A resolution introduced by Councilwoman Jannie L. Blackwell, seeking a moratorium on the public school closings proposal, passed in city council, 15-2.
Written in response to city-wide protests and concerns about the proposed 37 schools in Philadelphia scheduled to close this year, the resolution would allow time to reassess the plans of the School Reform Commission (SRC) in addition to giving community residents and groups an opportunity to come up with plans of their own.
During an interview, Blackwell said she has reached out to numerous groups, community residents and members of various unions, most of whom requested a moratorium on the closings although acknowledging that some schools will undoubtedly have to close.
“We are not saying that the moratorium should last a year, but that it should last long enough for all sides to work out a plan that is feasible and plausible for the community and school district employees,” Blackwell said.
Blackwell, who has served more than three decades in office, said this was the only time she has ever witnessed such a student-led protest as she did with the issue of school closings.
Parents and teachers have also been outspoken in large numbers, according to Blackwell.
“We have teachers, vice principals and principals who are standing up and who are not afraid to put their jobs in jeopardy to stand up,” she said.
Of the hundred or so groups and organizations fighting the school closing plans, 23 of them are in Blackwell’s district of West and Southwest Philadelphia.
“This is a plan that didn’t seem to be worked out with any inclusion of the community or community groups, nor with a whole lot of common sense,” said Blackwell about the selection of schools to be closed.
Blackwell said the current plan didn’t seem to take into account which educational programs worked or didn’t work, distance from schools or the safety of children that would have to travel those distances everyday.
“It just didn’t seem to make a lot of sense to me,” she said.
The two council members who opposed the resolution were Councilman Bill Green and Councilwoman Maria Quiñones-Sanchez.
“They [Green and Sanchez] spoke out and vociferously tried to fight against it,” Blackwell said. “They basically said the school district knows what it is doing and has a right to make these decisions and that we shouldn’t tell them what to do.”

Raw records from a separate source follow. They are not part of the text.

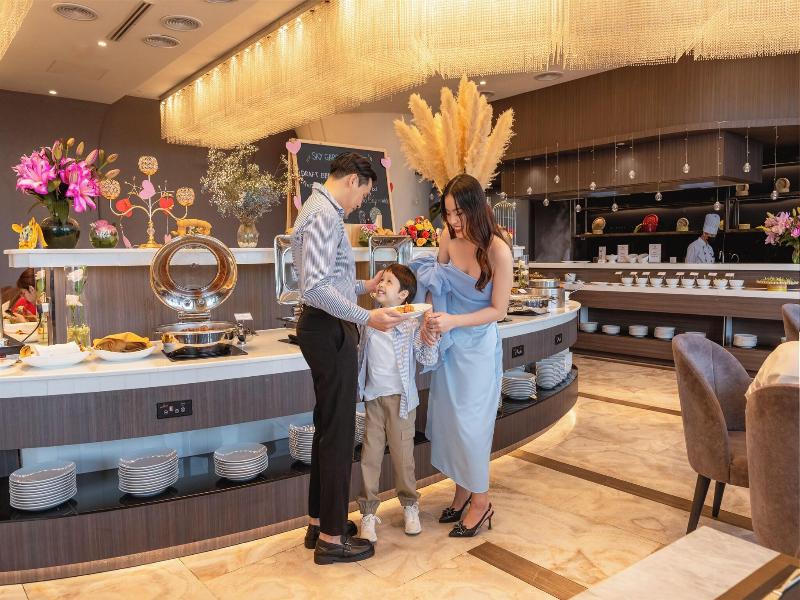 Premier Pearl Hotel Vung Tau image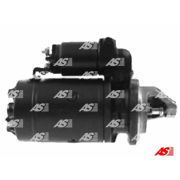 Слика 2 на Анласер AS-PL Brand new  Starter motor DISCONTINUED S0111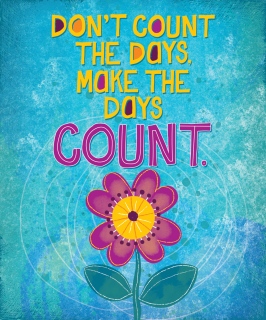 DDD-1007_MakeTheDaysBM_SHORTfront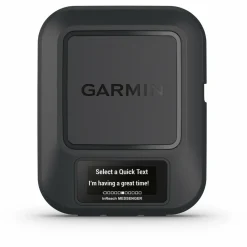 Garmin - InReach Messenger - GPS-Gerät^ Trekkingausrüstung|Gps-Geräte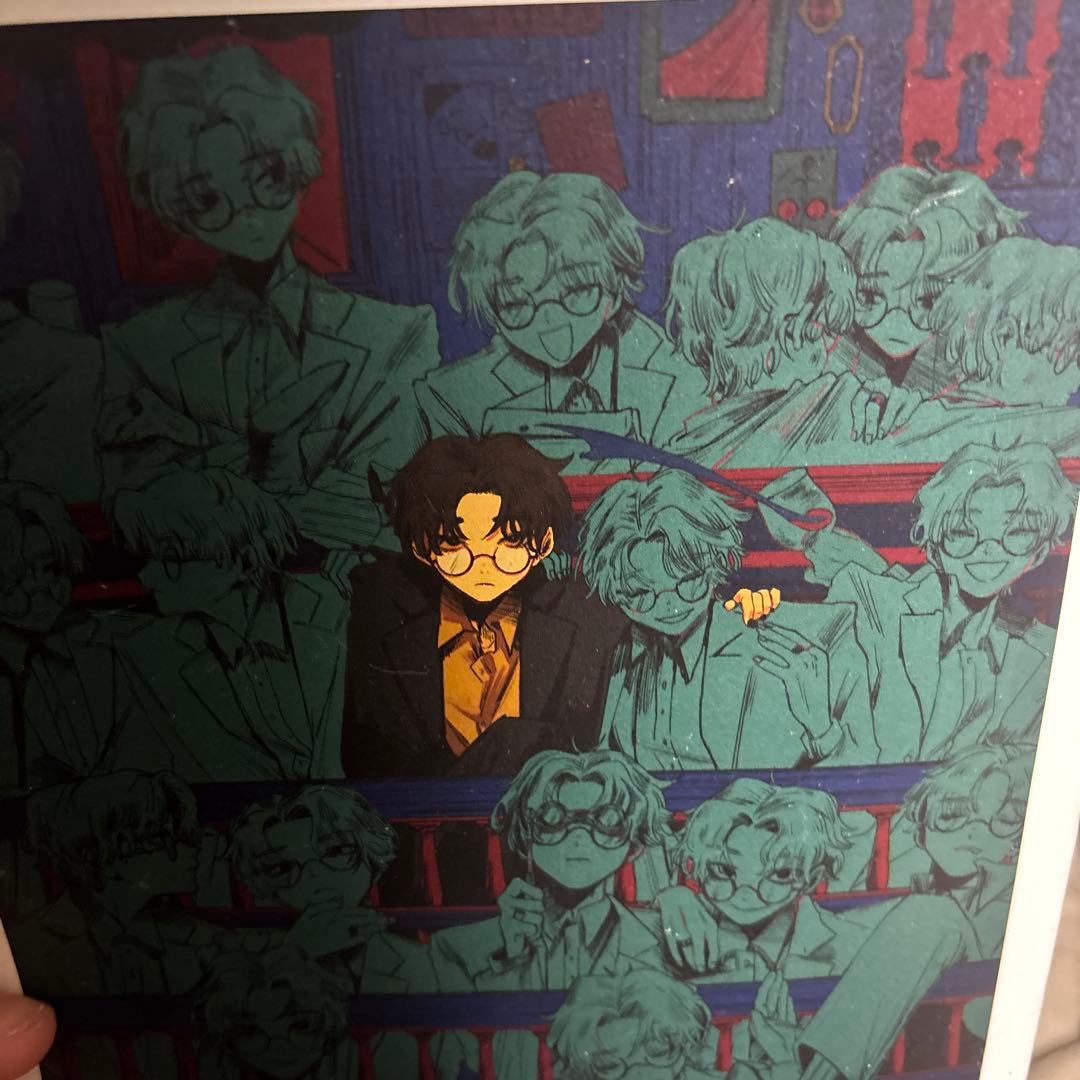 なとり　グッズ一覧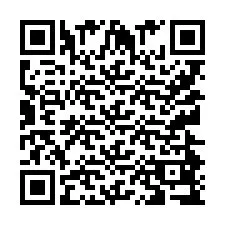 QR-koodi puhelinnumerolle +9512489714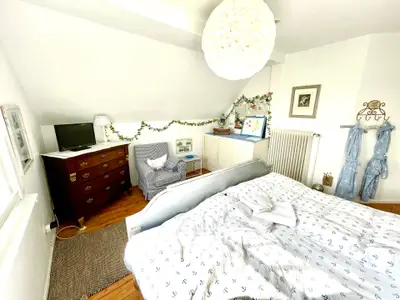 Doppelzimmer für 2 Personen (22 m²) in Scharbeutz 6/10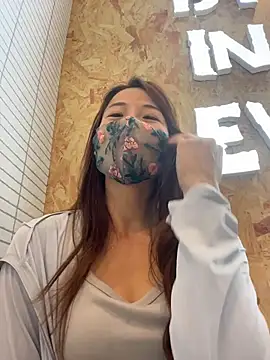 kiss_loo (F milf) - 户外爆菊花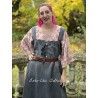 robe Cosi Belle in Ozzy Magnolia Pearl - 5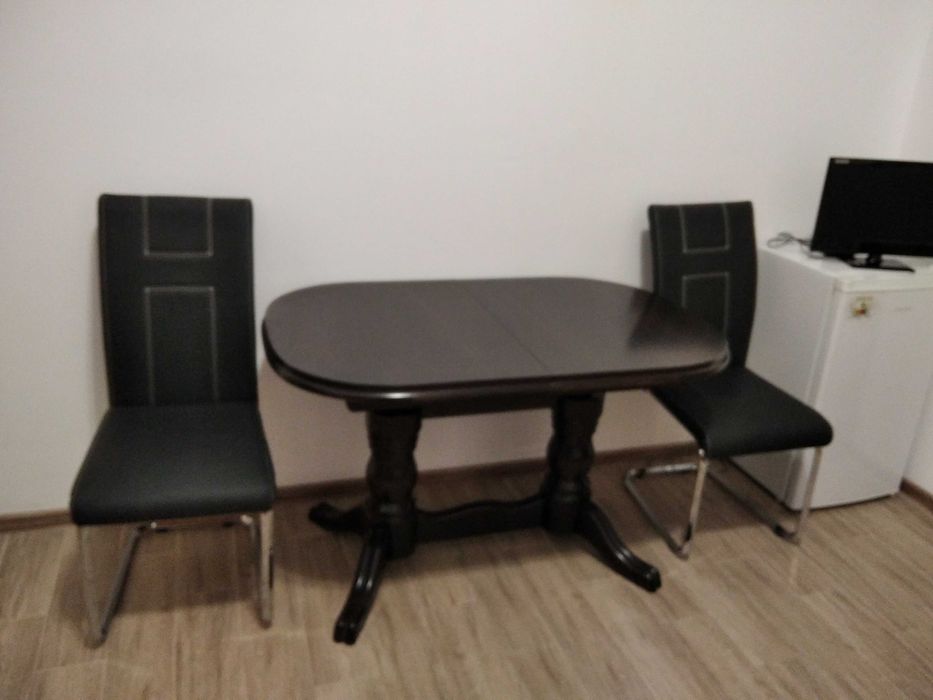 Дава се под наем Едностаен апартамент в Бургас, Меден рудник - зона А - 33 кв.м за 229.5 € - Снимка #2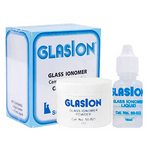 Ionomero De Vidrio Glassion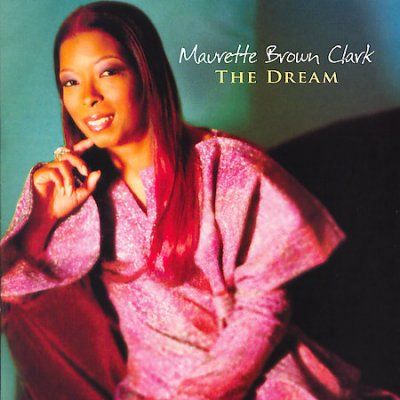 Maurette Brow Clark - Dream (CD)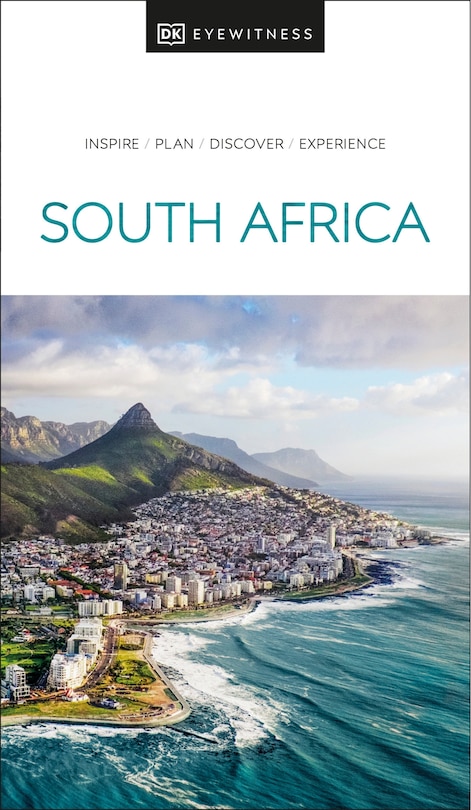 Front cover_DK South Africa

According to Blackwell, the move is ridiculous considering that it is taxpayers who pay the SRC and should therefore be a part of such decisions.
So what does the resolution mean?
“The impact that it will have is that we are all going to come together and we will have a press conference to state again that we are against these school closings,” Blackwell said. “It will also have an affect on February 12th when we have our hearings that the SRC and the superintendent will have to introduce their plan and try to make some sense of this.”
Blackwell said if the SRC would have gone to the community before developing a plan and not afterwards, things might have been different.
“Now the pressure is on them to try to come up with issues and a plan that makes sense to the people,” she said.
School district officials have not commented on the resolution.